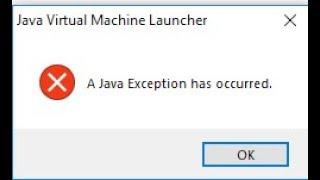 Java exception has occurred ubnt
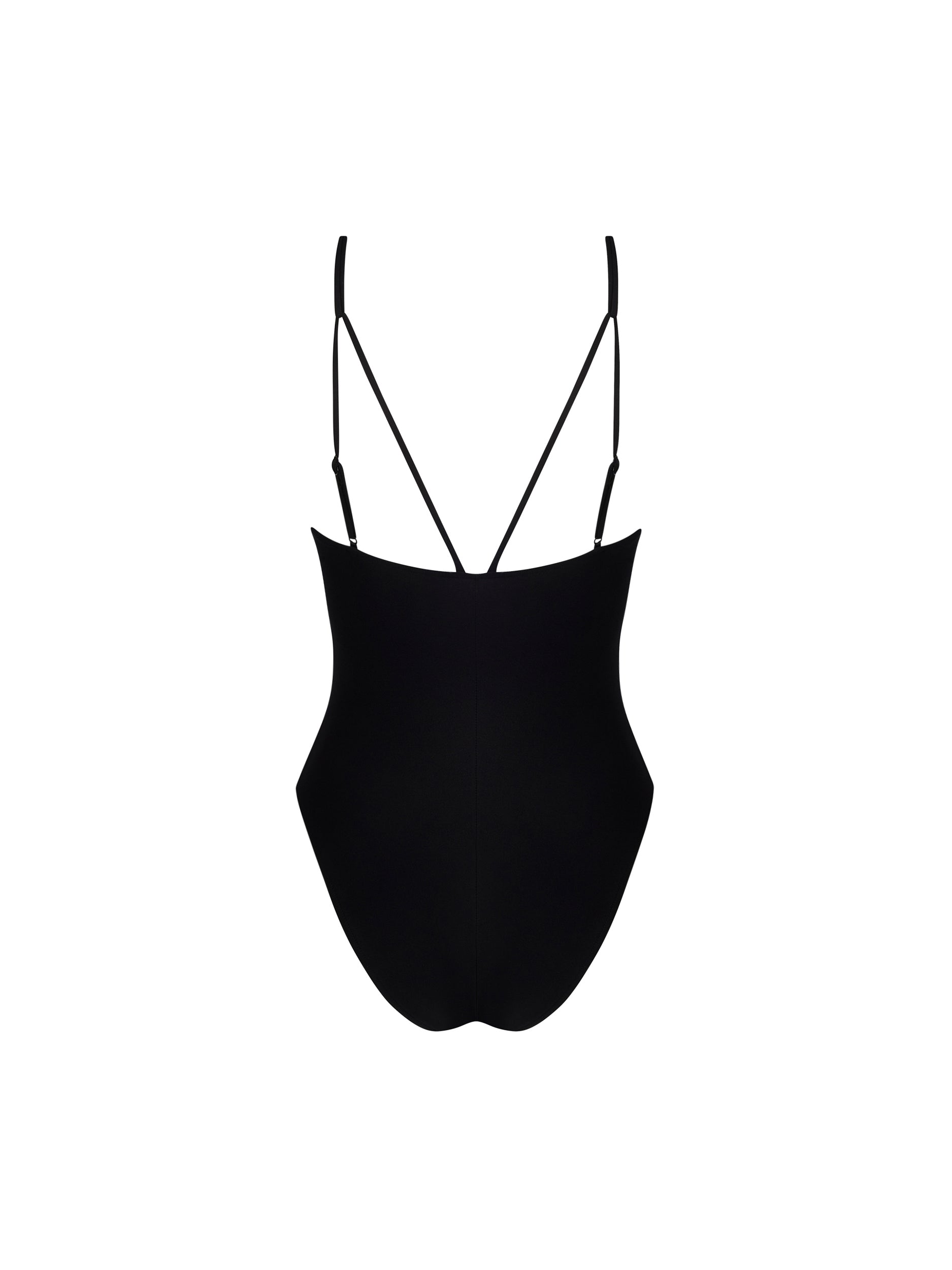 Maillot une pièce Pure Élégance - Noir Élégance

====

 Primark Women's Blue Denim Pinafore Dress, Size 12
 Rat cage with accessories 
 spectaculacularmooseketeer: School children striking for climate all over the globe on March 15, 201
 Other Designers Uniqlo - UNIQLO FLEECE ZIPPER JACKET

====

◆ **What you will do**:
Write back word for word every line in the entries above from the one with "Java exception has occurred ubnt" to the one with "Maillot une pièce", ends included, and none of the pictures.

◆ **Response to the exercise**:
 Java exception has occurred ubnt
 Maillot une pièce Pure Élégance - Noir Élégance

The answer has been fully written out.